The television proves another portal to a different time, singer Toyah Wilcox dons the screen early on and 1984 horror film Children of the Corn makes an appearance later, but Richard had different ideas for this scene.

“What I really wanted was An American Werewolf in London, that really was part my childhood, a real period piece, I’ve watched that many, many times. 

“But I think something like seven different people own bits of that film, and then there’s different people that own the songs, it was just too hard to get the copyright, but I would of chosen that. 

“But Children of the Corn sort of works as well, I think it matches the wallpaper.

“We needed something quite scary on the TV, when I was a kid there were video nasties and horror films with the big argument over whether kids should be watching them. 

“I wanted Jason to see something quite scary, I guess that’s why he gets creeped out at night walking home, because he’s seen the film.”

All this isn’t packed in for nostalgic brownie points though, it feels eerily authentic. It doesn’t glorify any of these details, but rather weaves them seamlessly into the narrative, leaving the audience fully immersed into the life of the 1970s council flat.

Television played a big part in Richard’s early life, so much so that him and his brother Jason referred to it as the “the life support machine.”

It wasn’t until slightly later in life however, that films became more important to Richard, he speaks fondly of Terence Davies, particularly his trilogy – ChildrenMadonna and Child and Death and Transfiguration.

“That film (The Terence Davies Trilogy) has been the most inspirational film that I can think of. I remember watching it when I was 25, it was like looking at his memories.

“It was quite slow, but it was very tense at the same time, it was quite static in a way but still very tense. He focused on faces and objects. 

“I remember when I was a kid I watched this film called A Man Escaped, a Robert Bresson film. When I was a kid they put black and white films on the telly, I grew up with Laurel and Hardy and Harold Lloyd, lots of black and white movies, they just don’t put those things on now. 

“This film A Man Escaped, about a man in a room, and I was very surprised watching it as a kid, nearly all the shots were inside this one prison cell but it was still tense. 
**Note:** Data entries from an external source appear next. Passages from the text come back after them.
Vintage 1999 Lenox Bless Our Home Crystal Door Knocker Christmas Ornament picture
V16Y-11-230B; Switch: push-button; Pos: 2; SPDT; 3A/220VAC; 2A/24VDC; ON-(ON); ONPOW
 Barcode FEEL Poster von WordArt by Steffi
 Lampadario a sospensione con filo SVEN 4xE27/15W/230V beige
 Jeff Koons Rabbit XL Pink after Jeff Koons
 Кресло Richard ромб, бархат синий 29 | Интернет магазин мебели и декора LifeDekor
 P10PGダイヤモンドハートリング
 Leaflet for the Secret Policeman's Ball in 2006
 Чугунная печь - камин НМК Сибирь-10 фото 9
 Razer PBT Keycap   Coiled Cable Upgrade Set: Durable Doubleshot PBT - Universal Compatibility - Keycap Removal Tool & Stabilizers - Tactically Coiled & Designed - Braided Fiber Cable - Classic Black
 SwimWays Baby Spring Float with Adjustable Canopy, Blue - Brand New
“Apart from that, there’s no other film I can think of that directly influenced the making of this.”

Richard didn’t start with the intention to make a feature length film, and the process to get it to this length has been a few years coming.

“It started off gradually, for many years I had this idea that I wanted to make a short gallery piece, called Ray that would be about a man in a room, like that Bresson film. 

“A few years ago me and Jacqui Davies (the producer), we got funding to make this short piece to chart two to three days of my fathers existence in this room. 

“So I was making that, I decided to write another short piece about my uncle Laurence and Will (the lodger) and I thought maybe this could make another short film, so I wrote that down. 

“Then I realised if I could write another one I’d have a feature length piece. So it evolved that way, I didn’t decide to make a feature one day, it evolved, it grew from the bottom up.”

We won’t be waiting as long for his next feature, Richard is hoping for Ray & Liz to jumpstart his film career much like Ray’s A Laugh did for his photography.

“I’m writing more material, but different subject matter. There might be similar themes but it wouldn’t be autobiographical it will be more external.”

With a BAFTA nomination already under his belt, the future looks bright for Richard, and we can only hope his next work is as much of a hit.

Ray & Liz opens at HOME, Manchester from March 8.